See more information at Installation.

Note

If core dump error occurs in this tutorial, please try Install from source.

Note

d3rlpy supports Python 3.6+. Make sure which version you use.

Note

If you use GPU, please setup CUDA first.

Prepare Dataset¶

You can make your own dataset without any efforts. In this tutorial, let’s use integrated datasets to start. If you want to make a new dataset, see MDPDataset.

d3rlpy provides suites of datasets for testing algorithms and research. See more documents at Datasets.

from d3rlpy.datasets import get_cartpole # CartPole-v0 dataset
from d3rlpy.datasets import get_pendulum # Pendulum-v0 dataset
from d3rlpy.datasets import get_pybullet # PyBullet task datasets
from d3rlpy.datasets import get_atari    # Atari 2600 task datasets
from d3rlpy.datasets import get_d4rl     # D4RL datasets

Here, we use the CartPole dataset to instantly check training results.

dataset, env = get_cartpole()

One interesting feature of d3rlpy is full compatibility with scikit-learn utilities. You can split dataset into a training dataset and a test dataset just like supervised learning as follows.

from sklearn.model_selection import train_test_split

train_episodes, test_episodes = train_test_split(dataset, test_size=0.2)

Setup Algorithm¶

There are many algorithms avaiable in d3rlpy. Since CartPole is the simple task, let’s start from DQN, which is the Q-learnig algorithm proposed as the first deep reinforcement learning algorithm.
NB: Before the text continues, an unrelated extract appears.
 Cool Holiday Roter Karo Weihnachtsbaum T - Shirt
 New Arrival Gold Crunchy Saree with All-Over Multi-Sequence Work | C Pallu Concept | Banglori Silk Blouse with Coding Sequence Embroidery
from d3rlpy.algos import DQN

# if you don't use GPU, set use_gpu=False instead.
dqn = DQN(use_gpu=True)

# initialize neural networks with the given observation shape and action size.
# this is not necessary when you directly call fit or fit_online method.
dqn.build_with_dataset(dataset)

See more algorithms and configurations at Algorithms.

Setup Metrics¶

Collecting evaluation metrics is important to train algorithms properly. In d3rlpy, the metrics is computed through scikit-learn style scorer functions.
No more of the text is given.